In a major ecumenical development Ireland's four main churches are to share one place of worship in the new west Dublin Adamstown town centre. Involved are the Catholic Church, the Church of Ireland, the Presbyterian Church, and the Methodist Church.
This has grown out of "the extraordinarily long-standing and integrity-filled ecumenical relationship in the Lucan area," said Fr John Hasset, Parish development priest in Adamstown.
The town centre project, which was launched in Dublin last night, "afforded us a new situation in a new Ireland with new communities an opportunity to give witness alongside each other," he said.

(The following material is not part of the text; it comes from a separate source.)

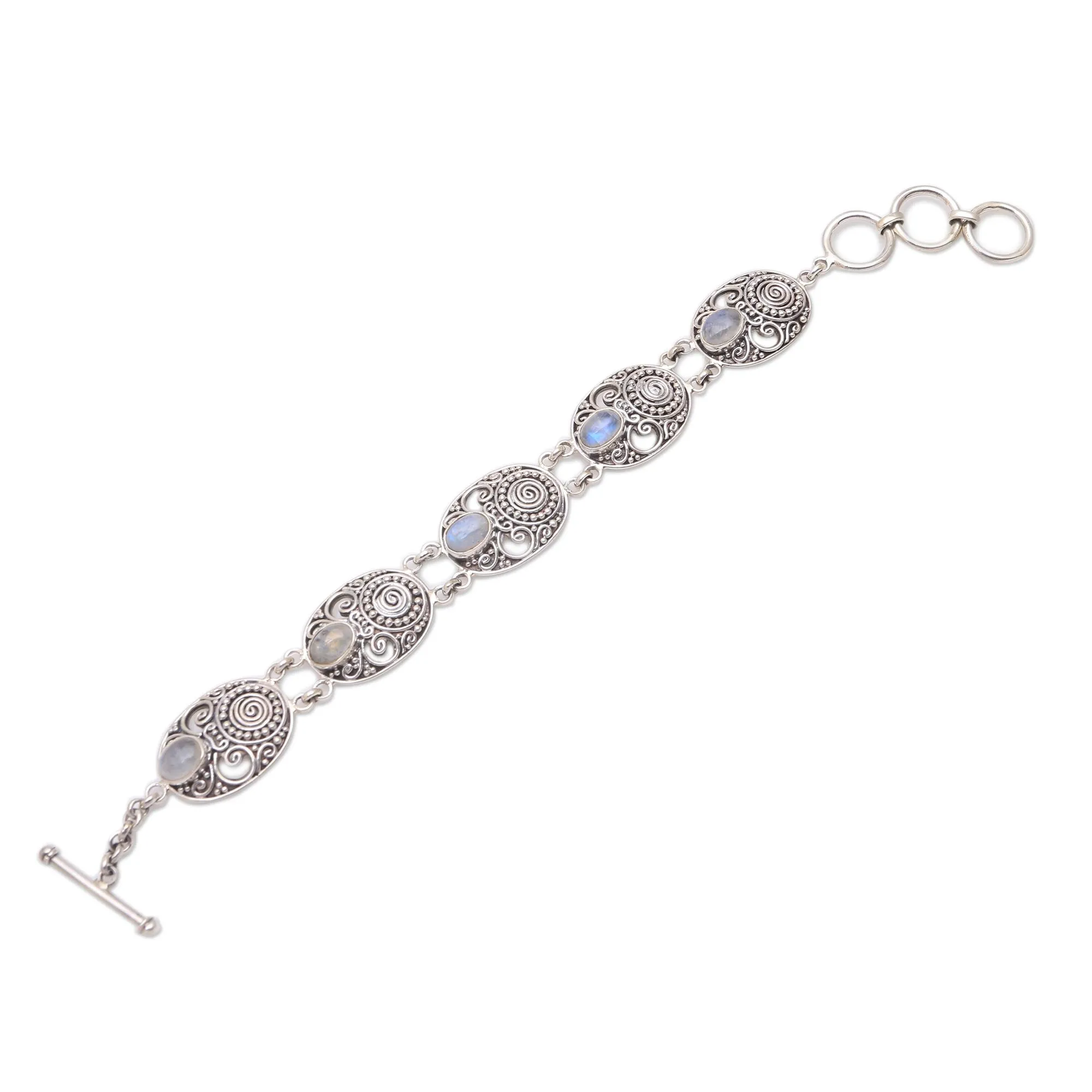 Handcrafted Rainbow Moonstone Link Bracelet from Bali - Shield of the Gods | NOVICA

Rev Dr Trevor Morrow, minister to the Presbyterian congregation at Lucan, said the shared place of worship at Adamstown "demonstrated the extraordinary level of unanimity (between the churches) and the diversity of each as it was evident there were things we still cannot do together." He felt they could also be more "together, on social and moral issues" just as in the Lucan area they marked Good Friday, Easter, and Christmas together.
Fr Hasset emphasised the degree of support their plan to share a common place of worship had received from the Catholic Archbishop of Dublin Most Rev Diarmuid Martin and the Church of Ireland Archbishop of Dublin Most Rev John Neill. They supported the project "100 per cent, at every step of the way," he said.